Anyway, please see my answer.
—SA

Please see comments to the question, by bling (good idea about C++/CLI), and myself.

The fact is: CINT is not a C++ interpreter. CINT is not a C++ interpreter. This is clearly stated here:
http://en.wikipedia.org/wiki/CINT[^].

The language is some simplified language based on C and C++.

See also: http://root.cern.ch/drupal/content/cling[^].

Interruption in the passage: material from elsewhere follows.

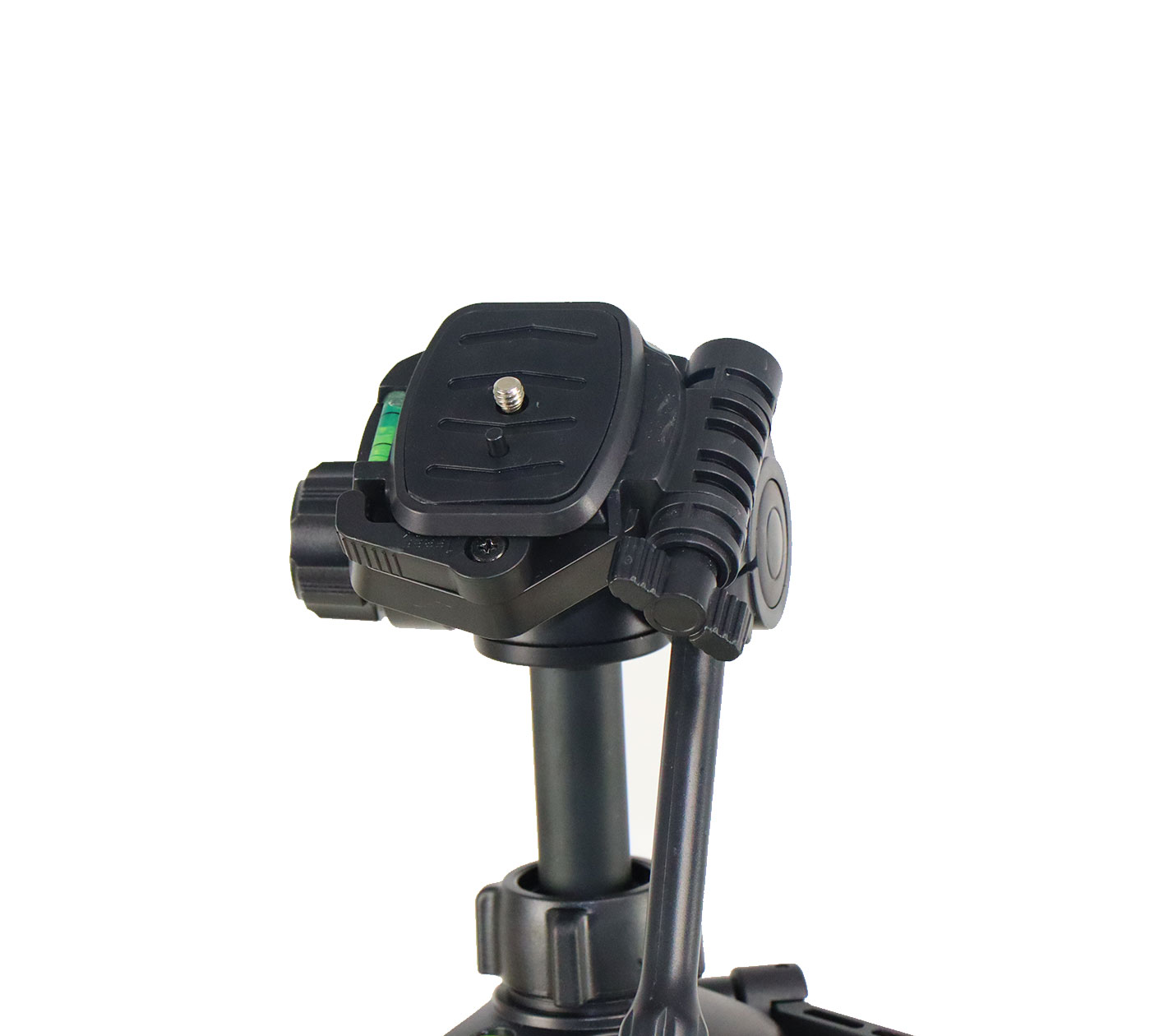 zoty中歐體育官方網站聲級計三腳架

How about one alternative mentioned in the Wikipedia article referenced above, "Ch"? This is not exactly C++ interpreter, this is an interpreter of some special language:
http://en.wikipedia.org/wiki/Ch_%28computer_programming%29[^],
http://www.softintegration.com/[^].

Anything else? "Pike", also only based on C and C++ (Wikipedia even says "influenced by"):
http://en.wikipedia.org/wiki/Pike_%28programming_language%29[^],
http://pike.lysator.liu.se/[^].

As to "real" C++ language, I have some believe that it is not suitable for an interpreter; the topic is just too complex to discuss my considerations in a Quick Questions & Answers. I cannot prove it right here and am not 100% sure, by tend to think it's possible to prove. I would be quite surprised if someone proved me wrong.

—SA
 
Share this answer
 
v2
Comments
Joren Heit 15-Jul-14 14:08pm    
I'm aware that CINT started as a C interpreter (hence the name), and that over time more and more C++ features have been added. By now, it supports templates, classes, inheritance, and much of the stuff that makes C++ C++. The fact that the language has been simplified to some extent does not mean it's not possible.

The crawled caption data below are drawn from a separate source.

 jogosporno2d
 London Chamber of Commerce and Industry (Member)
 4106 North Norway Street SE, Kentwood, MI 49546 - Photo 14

I must say I'm not at all familiar with C++/CLI (not a fan of platform specific languages; yes I know about Mono but let's be honest...), but in what way would the bytecode to be interpreted by the CLR be different from assembly code interpreted by a virtual x86 machine?
Sergey Alexandrovich Kryukov 15-Jul-14 16:57pm    
Not many understand that C++ is also a platform-specific language, probably you don't, too. It's just at the moment of C++ creation all platforms were of the same type. C++ looks universal, but its features was dictated by the architecture of platforms of the time of creation. Stroustrup failed to realize that, too. In CLI, the whole notion of the language is very different (and more strict, by the way); syntax is strictly separate from platform-specific semantic, and in C++ it is not. For example, operator "new" assumes quite certain platform features. Anyway, C++/CLI might not be applicable to your goals, but just know that pure .NET interpreters are quite possible and do exist. One example is PowerScript.

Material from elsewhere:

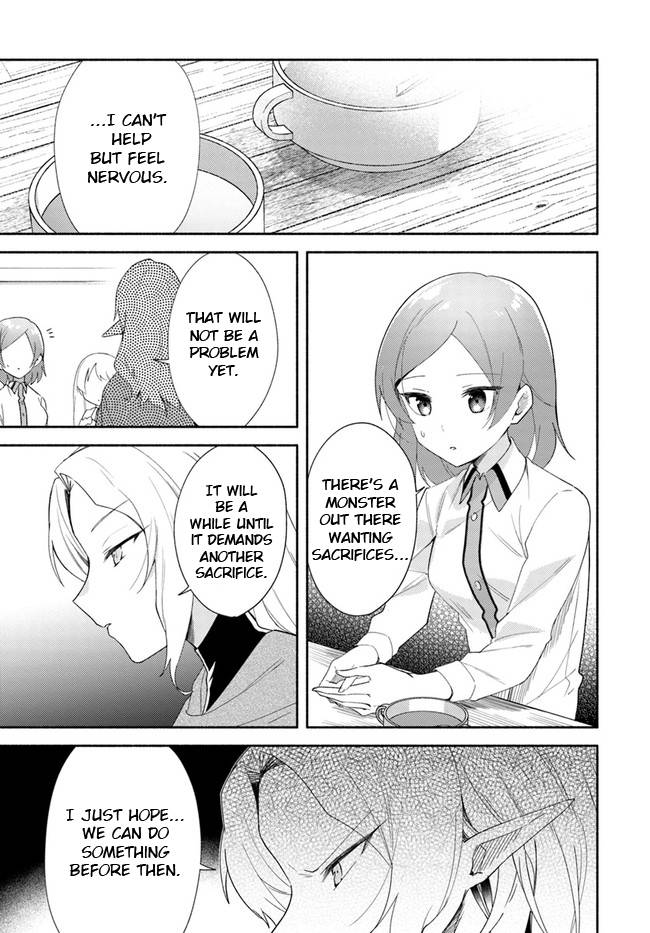 Page 13 of Chapter 13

"It's not possible"? What "it"? You have no evidence of C++ interpreter. I just say, if the language is simplified, it simply cannot be called C++. So, from what I know, there is no a single C++ interpreter, and I suspect they are impossible. Now, if you want not C++, but "similar to C++. If such pseudo-C++ language is fine by you (it looks like it is), it's just fine, use them. That's why I referenced some alternatives.

—SA
Andreas Gieriet 15-Jul-14 15:47pm    
Hello Sergey,
if you allow the term "interpreter" to be used also for some intermediate (abstract assembly) language to be interpreted by some runtime environment, then I would conclude that any compiled language can be "interpreted". The tricky part is that you must provide the whole translation unit to the interpreter, and not only line by line. So, it would be some compilation into an intermediate form and interprete that. But then you could likewise compile directly into native code and call the executable ;-)
Cheers
Andi
Sergey Alexandrovich Kryukov 15-Jul-14 16:59pm    
Well, I depends on how you define interpretation. Maybe in some sense, you are right, but I did not get your point, frankly. The compilation into intermediate form and then interpretation is not something I would call "interpreter". You reduce the problem of interpretation to compilation, in rather trivial fashion...
—SA
Andreas Gieriet 15-Jul-14 17:37pm    
I follow the interpretation of Wikipedia: Interpreter (computing). The footnote even says: [...] In this sense, the CPU is also an interpreter, of machine instructions [...] which is a bit of a stretch, I'd say ;-) According to the above document, (immediate) interpretation of byte code or some AST can be regarded as interpretation. C++ can certainly translate into some AST, but as said in my first comment, needs to see the whole translation unit, since e.g. parsing classes and performing the needed name lookup to decide how to continue parsing, needs at least two passes. When you allow at least two passes in parsing to get to some intermediate form (byte code/AST/...), I guess, C++ can be transformed into the intermediate form and let that run by the interpreter.
I would be interested in what use cases this would be useful, though ;-)
Cheers
Andi
Quote:
I personally know of only 1 C++ interpreter, which is used by Root (CINT, developed at CERN). It made me wonder why there are so few, and the obvious answer is that C++ is a very complex language to parse. No one in their right mind would bother writing a C++ parser from scratch...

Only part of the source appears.